%%
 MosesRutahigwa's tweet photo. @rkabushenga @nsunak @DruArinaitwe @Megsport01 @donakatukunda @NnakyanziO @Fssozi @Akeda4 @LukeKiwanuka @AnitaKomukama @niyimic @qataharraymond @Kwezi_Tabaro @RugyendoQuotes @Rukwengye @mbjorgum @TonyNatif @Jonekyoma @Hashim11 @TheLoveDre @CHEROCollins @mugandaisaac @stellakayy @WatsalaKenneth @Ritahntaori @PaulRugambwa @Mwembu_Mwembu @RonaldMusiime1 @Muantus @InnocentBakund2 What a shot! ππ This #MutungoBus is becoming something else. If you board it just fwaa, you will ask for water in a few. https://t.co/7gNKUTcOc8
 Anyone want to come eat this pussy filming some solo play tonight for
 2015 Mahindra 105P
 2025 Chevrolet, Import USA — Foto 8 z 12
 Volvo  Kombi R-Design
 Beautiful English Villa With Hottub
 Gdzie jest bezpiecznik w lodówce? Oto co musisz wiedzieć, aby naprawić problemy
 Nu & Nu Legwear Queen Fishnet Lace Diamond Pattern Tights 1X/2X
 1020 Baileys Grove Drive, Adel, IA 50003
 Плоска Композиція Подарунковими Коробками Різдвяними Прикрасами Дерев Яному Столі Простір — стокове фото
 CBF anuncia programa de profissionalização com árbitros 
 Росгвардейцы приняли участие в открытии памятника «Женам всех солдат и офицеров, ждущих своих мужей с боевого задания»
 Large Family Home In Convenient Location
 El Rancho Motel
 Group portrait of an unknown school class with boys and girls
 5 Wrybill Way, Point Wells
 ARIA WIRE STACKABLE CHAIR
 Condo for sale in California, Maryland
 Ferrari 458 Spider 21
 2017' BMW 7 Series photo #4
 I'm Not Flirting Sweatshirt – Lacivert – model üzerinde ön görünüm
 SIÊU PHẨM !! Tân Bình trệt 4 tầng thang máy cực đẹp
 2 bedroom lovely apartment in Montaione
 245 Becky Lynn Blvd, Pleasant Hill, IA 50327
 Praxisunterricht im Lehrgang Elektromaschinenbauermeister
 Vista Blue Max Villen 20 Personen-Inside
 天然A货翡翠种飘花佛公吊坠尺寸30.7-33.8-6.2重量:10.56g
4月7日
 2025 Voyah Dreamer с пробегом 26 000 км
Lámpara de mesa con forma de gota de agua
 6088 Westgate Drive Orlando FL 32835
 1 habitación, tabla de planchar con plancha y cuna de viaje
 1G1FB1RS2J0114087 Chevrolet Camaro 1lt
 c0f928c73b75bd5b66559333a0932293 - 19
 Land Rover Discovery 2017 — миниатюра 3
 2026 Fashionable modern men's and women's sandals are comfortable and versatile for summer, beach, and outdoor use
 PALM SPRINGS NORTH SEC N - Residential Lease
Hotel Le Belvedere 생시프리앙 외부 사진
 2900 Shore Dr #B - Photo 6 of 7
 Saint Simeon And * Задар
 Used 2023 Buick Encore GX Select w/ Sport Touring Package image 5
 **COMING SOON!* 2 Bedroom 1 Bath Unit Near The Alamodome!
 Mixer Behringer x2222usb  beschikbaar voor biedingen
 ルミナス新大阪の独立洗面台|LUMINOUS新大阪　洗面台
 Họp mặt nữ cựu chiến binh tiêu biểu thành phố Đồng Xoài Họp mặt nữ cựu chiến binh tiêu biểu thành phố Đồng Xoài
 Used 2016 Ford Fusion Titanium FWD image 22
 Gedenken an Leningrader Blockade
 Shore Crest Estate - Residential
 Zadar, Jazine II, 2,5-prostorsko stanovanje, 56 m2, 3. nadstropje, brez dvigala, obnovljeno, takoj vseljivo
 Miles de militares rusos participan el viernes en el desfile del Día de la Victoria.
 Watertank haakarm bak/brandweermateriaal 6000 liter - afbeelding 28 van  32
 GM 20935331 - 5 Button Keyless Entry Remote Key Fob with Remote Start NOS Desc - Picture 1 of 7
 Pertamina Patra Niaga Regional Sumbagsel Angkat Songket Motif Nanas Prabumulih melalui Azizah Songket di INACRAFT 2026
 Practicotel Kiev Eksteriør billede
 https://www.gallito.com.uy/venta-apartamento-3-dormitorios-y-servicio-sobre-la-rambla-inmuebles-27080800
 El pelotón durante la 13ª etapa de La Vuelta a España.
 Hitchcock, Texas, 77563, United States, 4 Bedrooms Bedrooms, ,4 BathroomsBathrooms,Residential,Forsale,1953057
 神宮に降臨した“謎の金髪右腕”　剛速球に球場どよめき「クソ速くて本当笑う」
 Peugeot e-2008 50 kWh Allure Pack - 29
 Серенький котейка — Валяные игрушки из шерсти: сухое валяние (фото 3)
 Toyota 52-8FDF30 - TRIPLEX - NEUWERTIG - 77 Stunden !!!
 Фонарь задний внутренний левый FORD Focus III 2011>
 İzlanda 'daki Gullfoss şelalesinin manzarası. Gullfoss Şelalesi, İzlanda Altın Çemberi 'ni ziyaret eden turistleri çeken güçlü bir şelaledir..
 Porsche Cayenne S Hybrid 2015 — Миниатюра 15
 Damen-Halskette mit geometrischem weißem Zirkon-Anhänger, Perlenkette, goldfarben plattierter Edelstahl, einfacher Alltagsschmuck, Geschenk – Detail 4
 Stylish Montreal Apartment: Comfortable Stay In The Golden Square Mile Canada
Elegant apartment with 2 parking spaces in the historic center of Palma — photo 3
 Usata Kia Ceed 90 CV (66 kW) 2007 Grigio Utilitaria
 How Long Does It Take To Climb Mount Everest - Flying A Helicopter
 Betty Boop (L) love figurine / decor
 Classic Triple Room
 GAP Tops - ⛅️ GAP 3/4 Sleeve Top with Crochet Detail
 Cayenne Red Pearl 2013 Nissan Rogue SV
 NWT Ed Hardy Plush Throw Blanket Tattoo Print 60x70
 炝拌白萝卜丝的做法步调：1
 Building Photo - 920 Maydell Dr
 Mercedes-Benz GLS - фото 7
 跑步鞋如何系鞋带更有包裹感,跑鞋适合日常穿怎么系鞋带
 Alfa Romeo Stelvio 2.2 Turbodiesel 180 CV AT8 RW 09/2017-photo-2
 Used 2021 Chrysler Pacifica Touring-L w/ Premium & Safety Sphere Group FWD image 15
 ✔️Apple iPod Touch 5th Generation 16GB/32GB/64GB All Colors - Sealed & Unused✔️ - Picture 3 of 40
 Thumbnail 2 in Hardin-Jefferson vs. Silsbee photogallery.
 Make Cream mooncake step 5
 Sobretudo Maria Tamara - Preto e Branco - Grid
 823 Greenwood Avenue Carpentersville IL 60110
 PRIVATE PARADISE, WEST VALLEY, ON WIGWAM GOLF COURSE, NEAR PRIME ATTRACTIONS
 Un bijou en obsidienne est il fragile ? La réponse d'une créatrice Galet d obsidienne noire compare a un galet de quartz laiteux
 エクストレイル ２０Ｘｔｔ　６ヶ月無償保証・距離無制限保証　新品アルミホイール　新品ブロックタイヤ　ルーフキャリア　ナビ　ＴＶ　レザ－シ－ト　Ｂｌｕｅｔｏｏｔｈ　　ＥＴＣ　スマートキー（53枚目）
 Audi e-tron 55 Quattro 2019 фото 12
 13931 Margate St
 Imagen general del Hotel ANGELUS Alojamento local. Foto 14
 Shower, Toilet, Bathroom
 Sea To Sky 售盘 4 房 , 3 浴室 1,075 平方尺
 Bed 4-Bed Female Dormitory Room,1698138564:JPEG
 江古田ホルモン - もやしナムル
%%
- Assigned task:
Everything above from the line containing "PRIVATE PARADISE, WEST" through the line containing "Un bijou en" must be copied exactly. Nothing outside that range belongs in the answer.

- Task result:
 PRIVATE PARADISE, WEST VALLEY, ON WIGWAM GOLF COURSE, NEAR PRIME ATTRACTIONS
 Un bijou en obsidienne est il fragile ? La réponse d'une créatrice Galet d obsidienne noire compare a un galet de quartz laiteux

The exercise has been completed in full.